• _Dataset_
================================
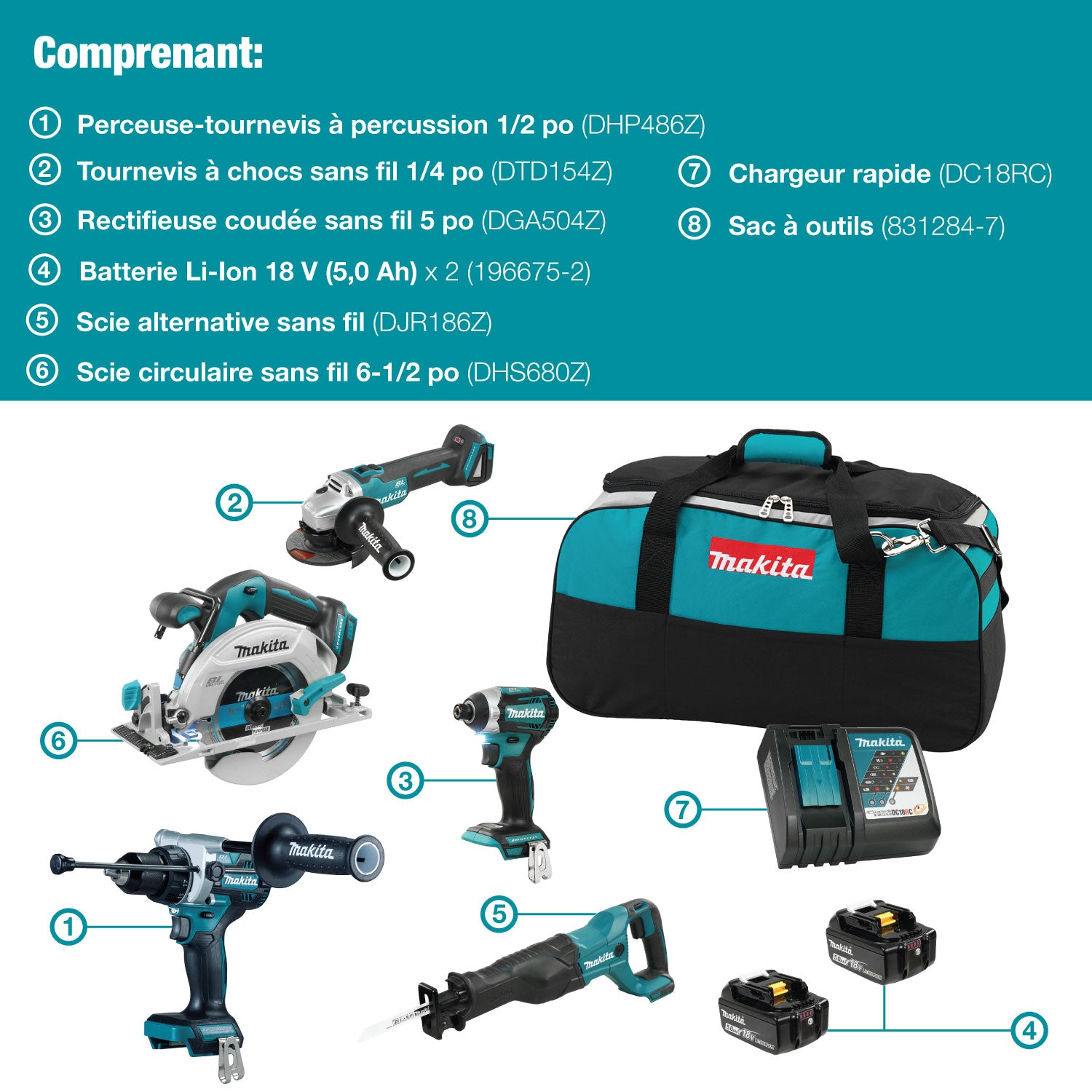 Makita 18V LXT Brushless 5 Tool Combo Kit, 5.0Ah x2 DLX5077TX1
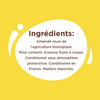 L'image affiche la liste des ingrédients d'un produit, mettant en avant des amandes issues de l'agriculture biologique et un avertissement concernant d'éventuelles traces d'autres fruits à coque.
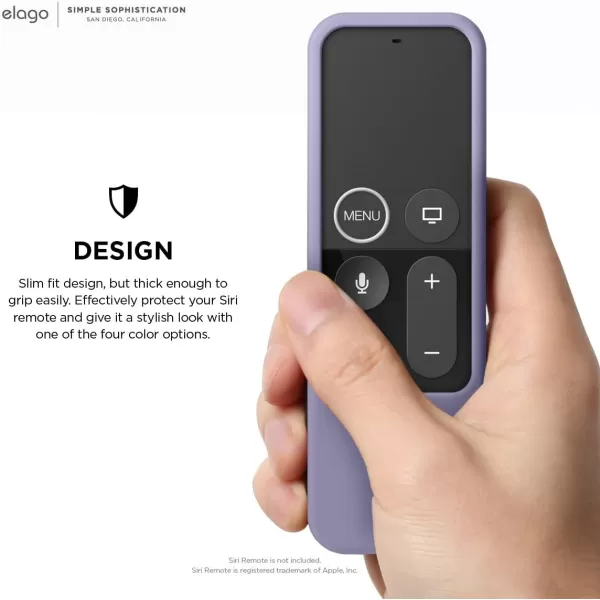 elago R2 Slim Case Compatible with Apple TV Siri Remote 1st Generation Sand Pink  Slim Design ScratchFree Silicone Shock Absorption Full AccessLavender Grey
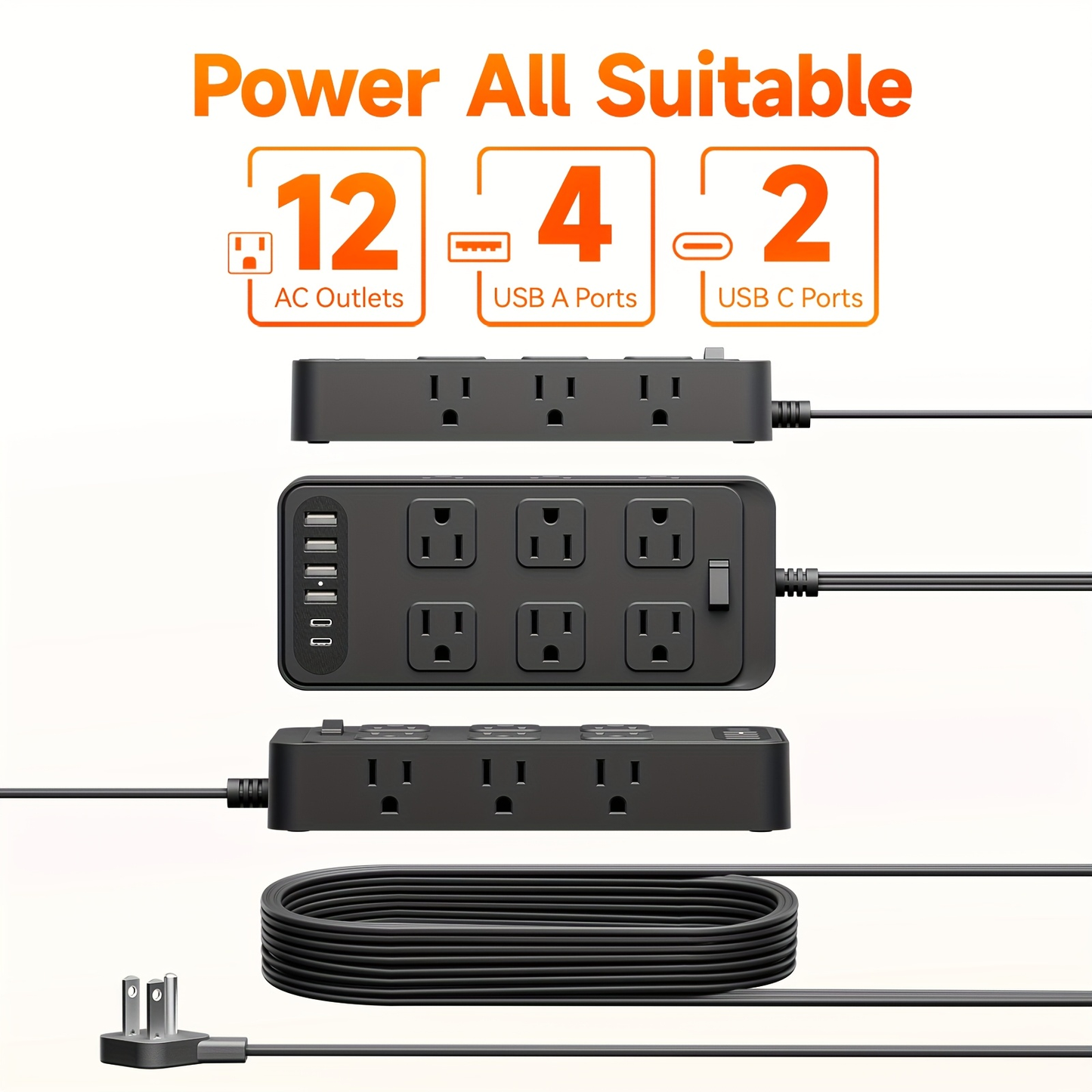 Charging Station 18-in-1 Power Strip Surge Protector 12 AC Outlets 6 USB Ports 4 USB-A 2 USB-C Flat Plug Wide Spacing Wall Mount for Home Dorm Office Travel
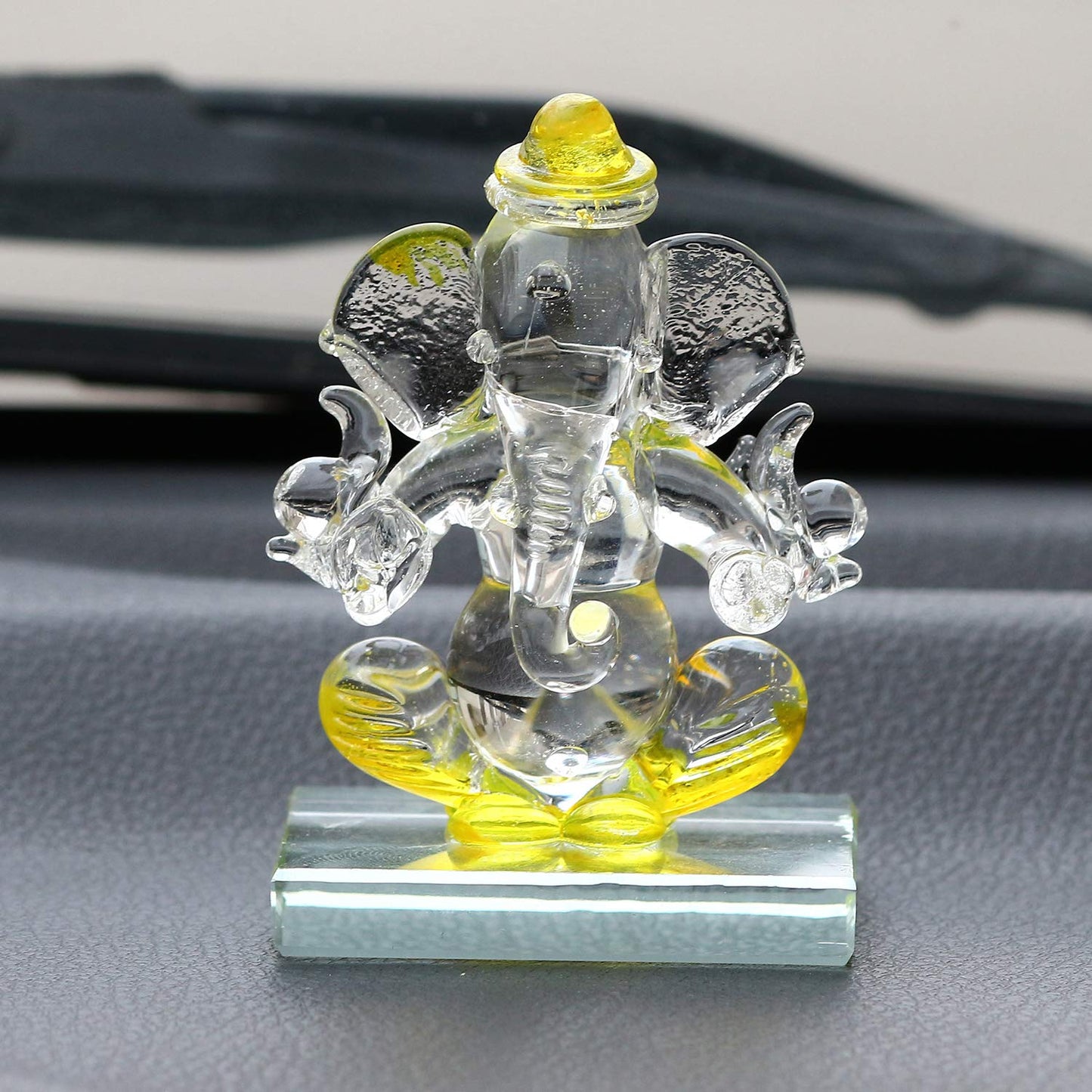 eCraftIndia Purple and Transparent Double Sided Crystal Car Ganesha Showpiece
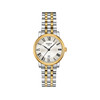Montre TISSOT T-CLASSIC CARSON PREMIUM femme cadran gris bracelet acier inoxydable bicolore doré - vue V1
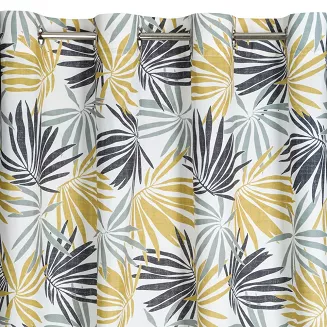 Zasłona gotowa na przelotkach ELINA 140x250 Design91 biały/musztardowy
================================
Can the lines from the one with "elago R2 Slim" to the end of the records above be quoted exactly, both ends included, with every picture omitted?

• _Answer to this problem_
 elago R2 Slim Case Compatible with Apple TV Siri Remote 1st Generation Sand Pink  Slim Design ScratchFree Silicone Shock Absorption Full AccessLavender Grey
 Charging Station 18-in-1 Power Strip Surge Protector 12 AC Outlets 6 USB Ports 4 USB-A 2 USB-C Flat Plug Wide Spacing Wall Mount for Home Dorm Office Travel
 eCraftIndia Purple and Transparent Double Sided Crystal Car Ganesha Showpiece
Montre TISSOT T-CLASSIC CARSON PREMIUM femme cadran gris bracelet acier inoxydable bicolore doré - vue V1
 Zasłona gotowa na przelotkach ELINA 140x250 Design91 biały/musztardowy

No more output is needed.